— PROBLEM —
Copy the listing below line for line, from its opening line to the one with "АКТУАЛЬНЫЕ ВОПРОСЫ РЕНТГЕНОЛОГИИ", both included; stop there.

— DATA SHOWN —
::::::

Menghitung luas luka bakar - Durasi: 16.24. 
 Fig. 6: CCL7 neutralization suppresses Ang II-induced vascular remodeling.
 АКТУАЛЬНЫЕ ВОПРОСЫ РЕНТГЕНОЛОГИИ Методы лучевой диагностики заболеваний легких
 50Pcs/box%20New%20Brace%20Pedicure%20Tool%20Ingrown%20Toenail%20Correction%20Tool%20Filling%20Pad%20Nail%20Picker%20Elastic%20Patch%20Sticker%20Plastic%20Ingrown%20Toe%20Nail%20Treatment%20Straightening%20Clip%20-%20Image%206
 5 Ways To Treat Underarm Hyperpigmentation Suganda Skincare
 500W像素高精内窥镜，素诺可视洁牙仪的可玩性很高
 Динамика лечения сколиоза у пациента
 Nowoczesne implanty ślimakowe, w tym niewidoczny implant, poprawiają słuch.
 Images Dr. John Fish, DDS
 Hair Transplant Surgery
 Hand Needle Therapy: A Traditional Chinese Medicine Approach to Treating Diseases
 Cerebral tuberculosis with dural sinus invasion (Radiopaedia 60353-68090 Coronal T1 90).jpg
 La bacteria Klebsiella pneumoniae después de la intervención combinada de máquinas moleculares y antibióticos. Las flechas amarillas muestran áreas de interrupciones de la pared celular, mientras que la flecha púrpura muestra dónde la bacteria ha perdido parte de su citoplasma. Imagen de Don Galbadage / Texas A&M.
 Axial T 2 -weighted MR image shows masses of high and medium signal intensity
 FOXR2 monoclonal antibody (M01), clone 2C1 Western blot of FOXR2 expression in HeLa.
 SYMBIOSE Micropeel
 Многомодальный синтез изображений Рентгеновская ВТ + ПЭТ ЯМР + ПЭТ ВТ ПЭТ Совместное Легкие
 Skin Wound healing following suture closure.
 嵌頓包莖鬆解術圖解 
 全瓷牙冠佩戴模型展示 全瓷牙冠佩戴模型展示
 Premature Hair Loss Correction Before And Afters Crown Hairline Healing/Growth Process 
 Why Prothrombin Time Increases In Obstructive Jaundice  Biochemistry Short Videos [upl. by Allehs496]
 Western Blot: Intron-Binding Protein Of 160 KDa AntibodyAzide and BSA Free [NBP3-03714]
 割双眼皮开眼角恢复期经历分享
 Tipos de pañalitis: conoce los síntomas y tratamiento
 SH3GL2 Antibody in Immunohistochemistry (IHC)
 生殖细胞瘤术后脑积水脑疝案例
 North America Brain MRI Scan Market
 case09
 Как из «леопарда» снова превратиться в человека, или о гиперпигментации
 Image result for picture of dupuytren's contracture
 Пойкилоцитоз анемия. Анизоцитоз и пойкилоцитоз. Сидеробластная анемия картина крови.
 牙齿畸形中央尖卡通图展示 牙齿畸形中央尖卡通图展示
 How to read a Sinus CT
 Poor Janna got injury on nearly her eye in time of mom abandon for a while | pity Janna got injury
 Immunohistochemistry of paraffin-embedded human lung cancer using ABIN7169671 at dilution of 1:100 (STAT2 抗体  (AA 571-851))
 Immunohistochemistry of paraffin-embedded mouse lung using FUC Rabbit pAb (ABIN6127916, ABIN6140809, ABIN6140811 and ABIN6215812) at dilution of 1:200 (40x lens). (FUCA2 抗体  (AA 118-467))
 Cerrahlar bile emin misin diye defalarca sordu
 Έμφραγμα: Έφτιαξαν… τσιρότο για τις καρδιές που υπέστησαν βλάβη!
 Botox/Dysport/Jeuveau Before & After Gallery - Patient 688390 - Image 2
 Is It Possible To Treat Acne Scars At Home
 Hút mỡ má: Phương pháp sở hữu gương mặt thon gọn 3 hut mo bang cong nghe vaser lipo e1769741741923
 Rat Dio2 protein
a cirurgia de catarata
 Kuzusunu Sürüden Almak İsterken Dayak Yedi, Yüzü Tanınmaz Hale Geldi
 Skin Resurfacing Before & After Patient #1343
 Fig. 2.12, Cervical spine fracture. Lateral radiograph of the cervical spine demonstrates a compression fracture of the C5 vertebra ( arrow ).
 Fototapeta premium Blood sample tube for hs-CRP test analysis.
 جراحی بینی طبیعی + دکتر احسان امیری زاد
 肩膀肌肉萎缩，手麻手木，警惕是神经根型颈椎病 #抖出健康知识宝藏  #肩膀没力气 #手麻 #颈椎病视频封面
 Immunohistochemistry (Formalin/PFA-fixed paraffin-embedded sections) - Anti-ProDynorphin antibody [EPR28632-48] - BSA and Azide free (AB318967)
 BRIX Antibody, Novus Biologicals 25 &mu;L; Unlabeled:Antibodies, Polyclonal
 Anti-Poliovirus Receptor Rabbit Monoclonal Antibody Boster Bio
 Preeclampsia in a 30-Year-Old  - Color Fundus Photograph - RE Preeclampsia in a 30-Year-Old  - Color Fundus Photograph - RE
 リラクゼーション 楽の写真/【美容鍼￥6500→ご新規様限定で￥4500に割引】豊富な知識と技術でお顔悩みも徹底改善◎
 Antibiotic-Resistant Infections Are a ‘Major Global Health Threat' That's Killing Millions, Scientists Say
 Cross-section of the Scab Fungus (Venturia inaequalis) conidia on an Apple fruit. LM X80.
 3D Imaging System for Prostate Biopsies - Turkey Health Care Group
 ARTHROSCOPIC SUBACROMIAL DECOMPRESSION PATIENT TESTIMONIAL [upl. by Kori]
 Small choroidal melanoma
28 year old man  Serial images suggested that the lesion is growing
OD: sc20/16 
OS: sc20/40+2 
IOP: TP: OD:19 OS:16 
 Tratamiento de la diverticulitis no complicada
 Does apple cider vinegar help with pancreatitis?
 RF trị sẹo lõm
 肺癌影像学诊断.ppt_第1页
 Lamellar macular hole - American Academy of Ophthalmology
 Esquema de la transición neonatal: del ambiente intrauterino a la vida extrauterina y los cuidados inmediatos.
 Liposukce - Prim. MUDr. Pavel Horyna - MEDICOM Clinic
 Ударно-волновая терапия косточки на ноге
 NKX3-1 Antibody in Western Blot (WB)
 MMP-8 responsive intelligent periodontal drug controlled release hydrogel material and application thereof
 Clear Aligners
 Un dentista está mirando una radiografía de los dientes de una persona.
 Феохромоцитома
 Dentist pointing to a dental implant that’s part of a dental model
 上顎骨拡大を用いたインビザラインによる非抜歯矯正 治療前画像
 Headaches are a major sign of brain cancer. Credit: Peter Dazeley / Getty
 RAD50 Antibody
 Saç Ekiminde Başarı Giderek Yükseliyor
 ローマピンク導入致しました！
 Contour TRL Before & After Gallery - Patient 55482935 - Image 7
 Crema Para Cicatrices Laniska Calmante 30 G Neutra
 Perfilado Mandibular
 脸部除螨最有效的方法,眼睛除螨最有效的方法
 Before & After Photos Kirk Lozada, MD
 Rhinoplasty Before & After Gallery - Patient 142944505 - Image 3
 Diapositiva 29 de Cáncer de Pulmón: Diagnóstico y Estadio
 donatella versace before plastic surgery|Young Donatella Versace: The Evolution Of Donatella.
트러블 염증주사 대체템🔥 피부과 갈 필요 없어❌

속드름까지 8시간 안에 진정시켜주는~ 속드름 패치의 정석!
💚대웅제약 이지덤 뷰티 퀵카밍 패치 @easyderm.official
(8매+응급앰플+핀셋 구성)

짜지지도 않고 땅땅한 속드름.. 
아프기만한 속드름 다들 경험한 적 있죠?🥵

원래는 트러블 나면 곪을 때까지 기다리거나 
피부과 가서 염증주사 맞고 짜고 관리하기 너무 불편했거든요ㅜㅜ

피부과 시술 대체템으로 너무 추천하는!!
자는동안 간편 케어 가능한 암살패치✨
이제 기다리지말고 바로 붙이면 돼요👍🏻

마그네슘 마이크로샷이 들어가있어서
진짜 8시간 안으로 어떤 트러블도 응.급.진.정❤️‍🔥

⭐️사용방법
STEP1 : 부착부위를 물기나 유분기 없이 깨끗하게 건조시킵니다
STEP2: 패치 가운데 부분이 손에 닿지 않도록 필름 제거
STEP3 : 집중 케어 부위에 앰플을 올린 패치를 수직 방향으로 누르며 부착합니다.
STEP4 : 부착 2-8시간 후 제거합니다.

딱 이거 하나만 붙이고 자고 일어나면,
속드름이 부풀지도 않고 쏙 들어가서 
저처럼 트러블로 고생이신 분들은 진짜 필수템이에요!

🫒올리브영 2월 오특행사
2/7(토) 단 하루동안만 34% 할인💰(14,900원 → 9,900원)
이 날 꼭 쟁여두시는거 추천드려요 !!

::::::

— TASK ANSWER —
Menghitung luas luka bakar - Durasi: 16.24. 
 Fig. 6: CCL7 neutralization suppresses Ang II-induced vascular remodeling.
 АКТУАЛЬНЫЕ ВОПРОСЫ РЕНТГЕНОЛОГИИ Методы лучевой диагностики заболеваний легких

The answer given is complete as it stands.